**WHAT TO PRODUCE:** Extract only the lines from the start of the entries below to the line with "CHARGEUR PAR INDUCTION", inclusive; omit every picture.

(Pictures with short captions)

*-*-*

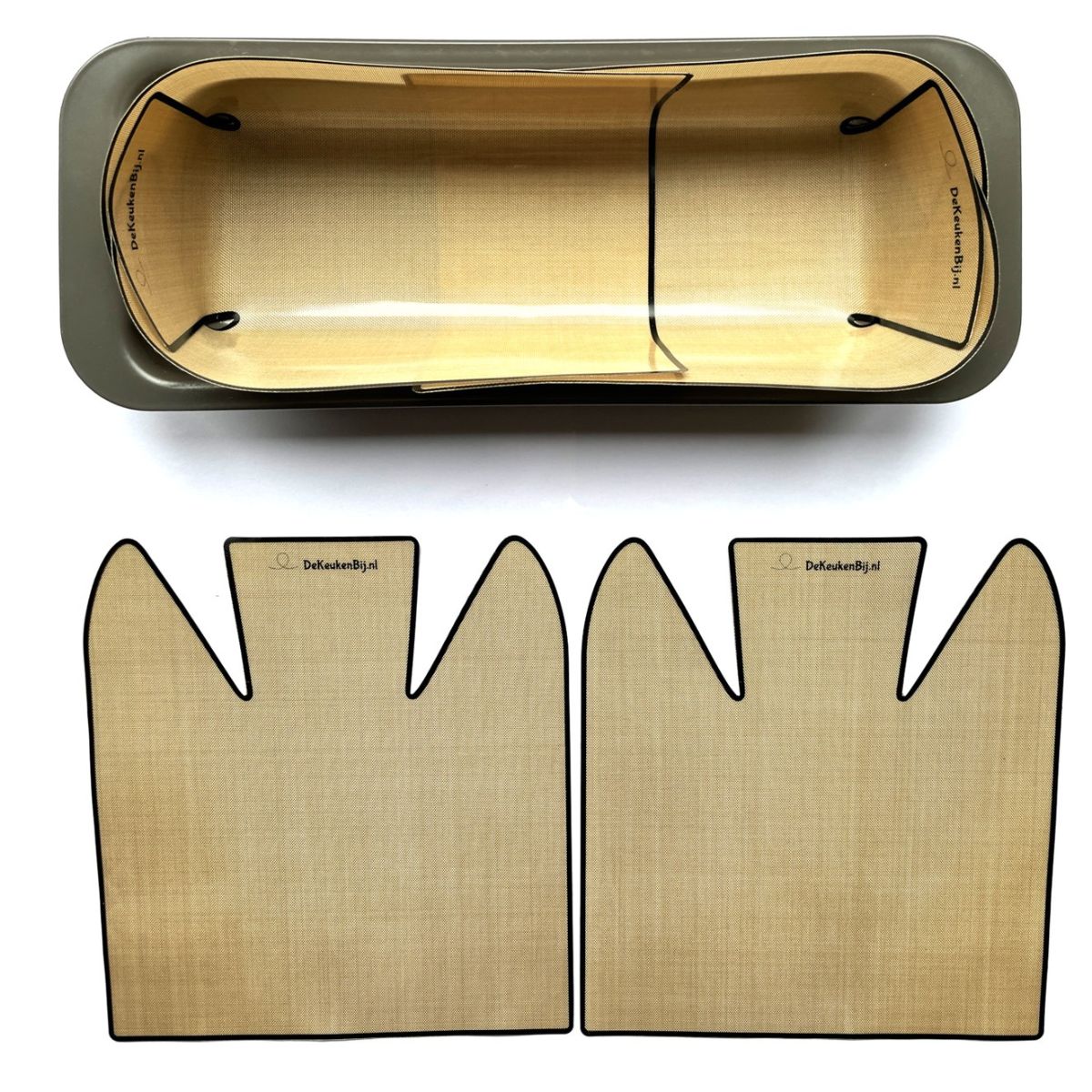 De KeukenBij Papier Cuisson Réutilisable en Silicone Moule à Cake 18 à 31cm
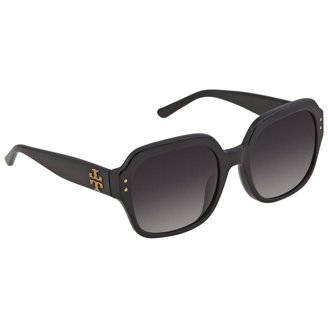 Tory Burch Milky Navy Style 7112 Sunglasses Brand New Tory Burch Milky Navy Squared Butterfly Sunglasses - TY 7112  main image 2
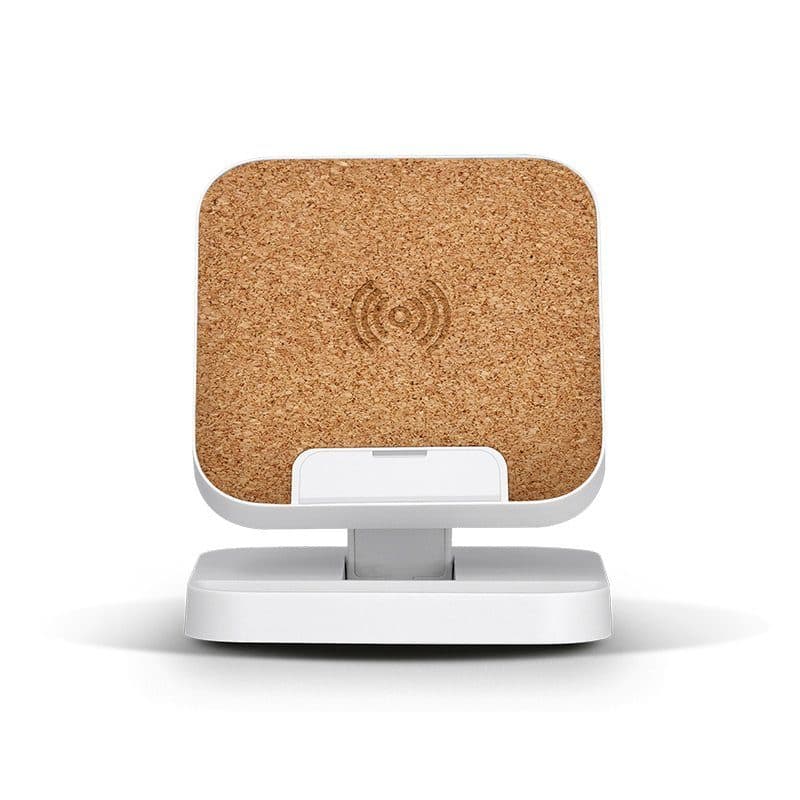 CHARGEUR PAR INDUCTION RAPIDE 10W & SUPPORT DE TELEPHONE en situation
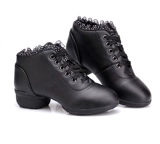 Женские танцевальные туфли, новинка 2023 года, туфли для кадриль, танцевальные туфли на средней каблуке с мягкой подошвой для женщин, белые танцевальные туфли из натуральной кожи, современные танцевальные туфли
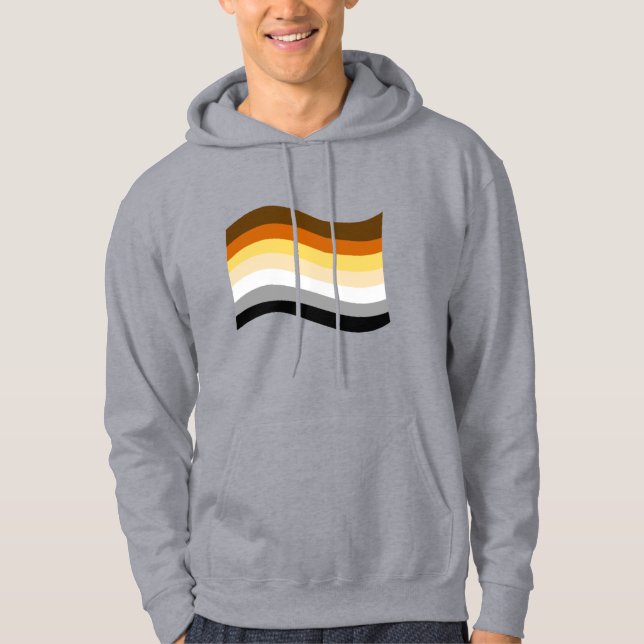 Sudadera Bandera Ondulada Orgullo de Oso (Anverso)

*-*-*

**YOUR SOLUTION:**
 De KeukenBij Papier Cuisson Réutilisable en Silicone Moule à Cake 18 à 31cm
 Tory Burch Milky Navy Style 7112 Sunglasses Brand New Tory Burch Milky Navy Squared Butterfly Sunglasses - TY 7112  main image 2
 CHARGEUR PAR INDUCTION RAPIDE 10W & SUPPORT DE TELEPHONE en situation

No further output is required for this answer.